Top of Data listing

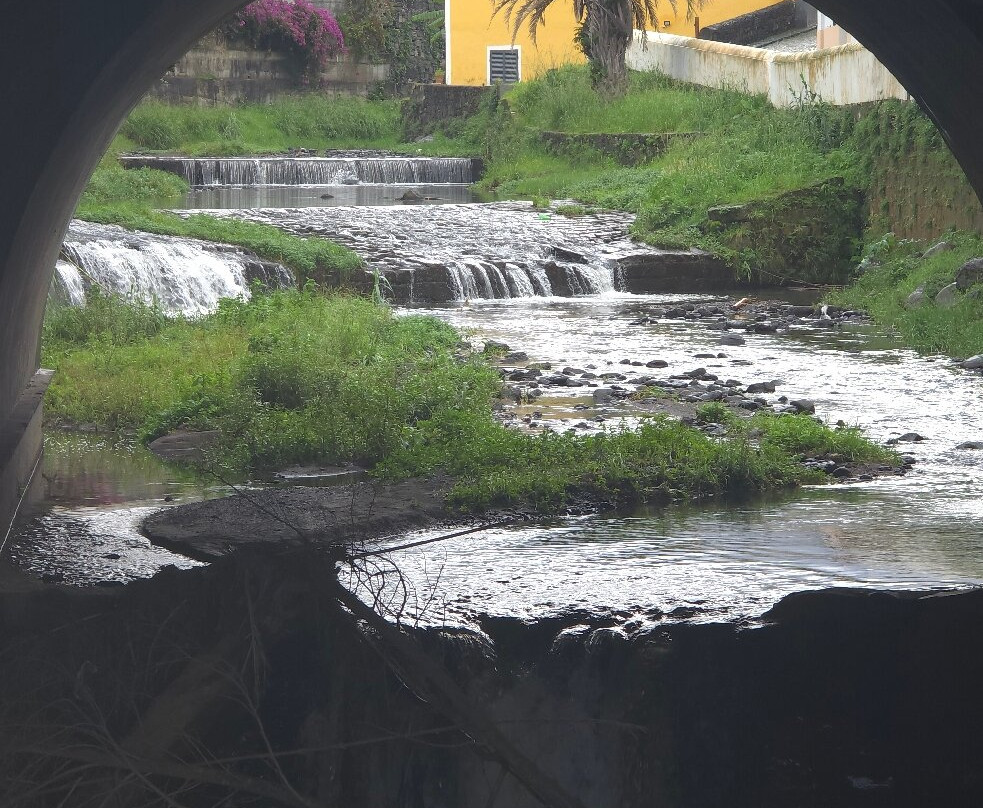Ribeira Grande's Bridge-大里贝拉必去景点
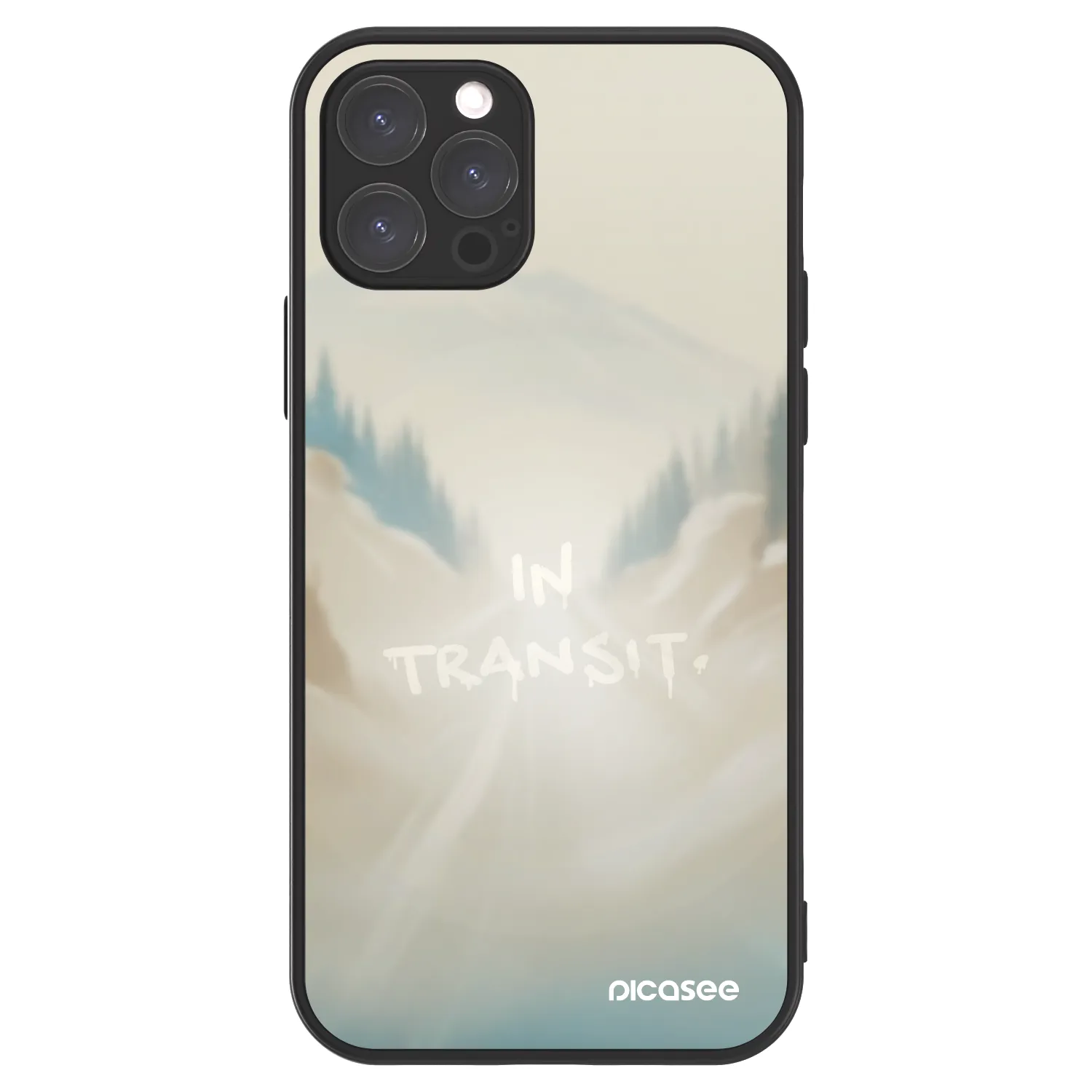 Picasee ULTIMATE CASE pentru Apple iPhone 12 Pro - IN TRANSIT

Bottom of Data listing
Top of Data listing

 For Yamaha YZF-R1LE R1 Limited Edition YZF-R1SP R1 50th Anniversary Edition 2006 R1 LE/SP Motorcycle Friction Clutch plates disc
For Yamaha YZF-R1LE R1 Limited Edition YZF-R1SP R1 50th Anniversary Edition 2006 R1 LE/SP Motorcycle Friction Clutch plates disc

Bottom of Data listing

• The problem:
State how many lines of the listing include "Yamaha", and nothing more.

• Solved problem:
2